Conflit Russie/Ukraine : L’impact potentiel sur la croissance, la politique des banques centrales et les marchés financiers

28 février 2022

Conflit Russie/Ukraine : L’impact potentiel sur la croissance, la politique des banques centrales et les marchés financiers

Photo François Rimeu © La Française AM

Par François Rimeu, Stratégiste Senior, La Française AM

Au moment de la rédaction de cet article, La Russie a entamé des opérations militaires en Ukraine, non seulement dans les zones séparatistes à l’est, mais aussi dans d’autres régions proches de Kiev. Jusqu’au Jeudi 25 Février, il y’avait encore espoir que ce conflit pourrait être géré via l’application de sanctions légères : Ce n’est plus le cas.
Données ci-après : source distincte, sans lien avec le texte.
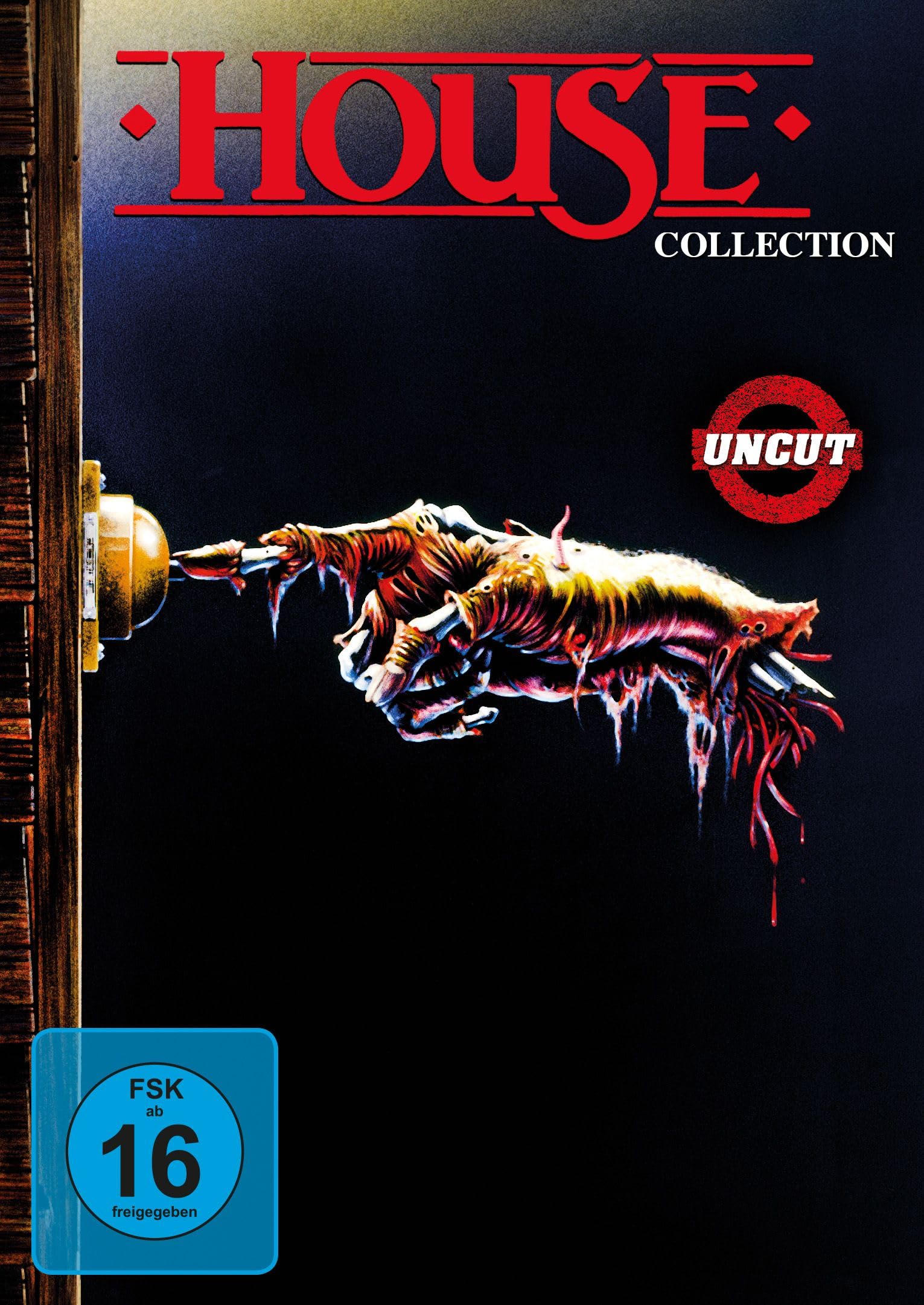 House Collection - Teil 1-4 (Uncut) Films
Nous ne sommes pas des experts en réflexions ou prévisions géopolitiques, et de ce fait n’allons pas spéculer sur le résultat du conflit. Nous allons plutôt nous concentrer sur ce que l’on sait de la situation actuelle, et formuler des hypothèses, dans le but d’envisager les conséquences potentielles de ce conflit sur les marchés financiers.
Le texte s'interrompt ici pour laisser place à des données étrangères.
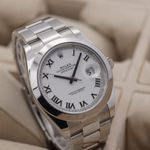 Rolex Datejust 41 126300 (2025) - White dial 41 mm Steel case (1/8)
Le conflit entre la Russie et l’Ukraine est source de risques majeurs, notamment une possible crise énergétique à long-terme en Europe. L’augmentation des tensions pourrait affecter l’économie européenne au travers des marchés de l’énergie, notamment via le gaz naturel.  La Russie est le plus gros fournisseur de gaz naturel d’Europe, approvisionnant 30 à 40 % des besoins annuels Européens. Toutefois, plus récemment, la part de gaz naturel fourni par la Russie s’est amoindrie significativement, car les pays européens se sont tournés vers le gaz naturel liquéfié, en provenance des Etats-Unis et du Qatar. L’augmentation du prix du gaz naturel devrait affecter la demande globale en Europe, malgré l’amortissement de cet effet négatif par les mesures de soutien aux ménages par les Etats.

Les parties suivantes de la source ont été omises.